I would like to claim that I had the good sense to attend this event because I realized that the two proms I attended many years ago would not have much bearing on what goes on today. But, alas, no. It was all about my godson, Precious Angel. Though sophomore boys do not usually attend the prom, Precious Angel was invited by a beautiful young lady who is a junior. Precious Angel enjoyed this rare honor because he is sweet, kind-hearted, well-mannered, and gets excellent grades. Okay. That's a lie. Those things are true of him but, let's face it, he was invited because he plays football, is built like a brick outhouse, and—thanks to years of Junior Cotillion—dances like he could be on Dancing with the Stars if he didn't drip so much testosterone.
Prom has changed. No corsages. Nosegays. A few of the young ladies had obviously consulted Bjork for fashion advice, but, for the most part, they were lovely, fresh, and dressed age appropriately. There was a girl wearing a cammo gown and couple in matching Converse tennis shoes.
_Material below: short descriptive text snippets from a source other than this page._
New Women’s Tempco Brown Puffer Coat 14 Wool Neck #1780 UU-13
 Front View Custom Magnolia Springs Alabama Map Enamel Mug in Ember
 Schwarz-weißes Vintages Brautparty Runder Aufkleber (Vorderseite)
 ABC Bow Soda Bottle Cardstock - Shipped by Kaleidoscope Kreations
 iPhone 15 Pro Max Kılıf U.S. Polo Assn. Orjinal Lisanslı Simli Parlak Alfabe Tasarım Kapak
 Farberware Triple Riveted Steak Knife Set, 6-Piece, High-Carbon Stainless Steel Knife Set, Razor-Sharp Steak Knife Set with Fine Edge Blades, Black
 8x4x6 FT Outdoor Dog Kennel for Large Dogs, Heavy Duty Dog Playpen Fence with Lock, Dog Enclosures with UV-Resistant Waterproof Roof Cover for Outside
I don't know what they were thinking, but I'm sure they thought it through because they looked pretty happy about it.
It was the male attire that really surprised me. Even Precious Angel who, thanks again to years of Junior Cotillion, understands that correct male formal attire is black and white, (do not pass go, do not collect any colors) got with the prom program and wore a tie and vest that matched his date. And who knew there were no many white tuxedos in the whole of the world? I could almost hear the ice cream truck bell and taste an Eskimo Pie. And did you know you can rent white top hats and canes? I might have been at Almack's. I was a little jealous on Precious Angel's behalf that he had no props. Maybe next year. Maybe I'll see about getting him a chariot.
All in all, it was wonderful. Two young ladies were escorted by their fathers and one brave beautiful girl walked proudly on that stage alone with her head held high. I suspect my eyes were not the only ones that filled when a gallant young gentleman wheeled his date onto the stage in a wheelchair. It was easy to see the chair was not temporary.
I love a rule. The only thing I love better than a rule is an etiquette rule. But it was great to see rules broken in the name of fun and youth. I think they are better than my generation. I'm glad I learned that before I write my prom scene.
Which really, Plotter, won't be for a long time. Way after conference. Probably even next year, or the year after.
Have you learned anything by accident?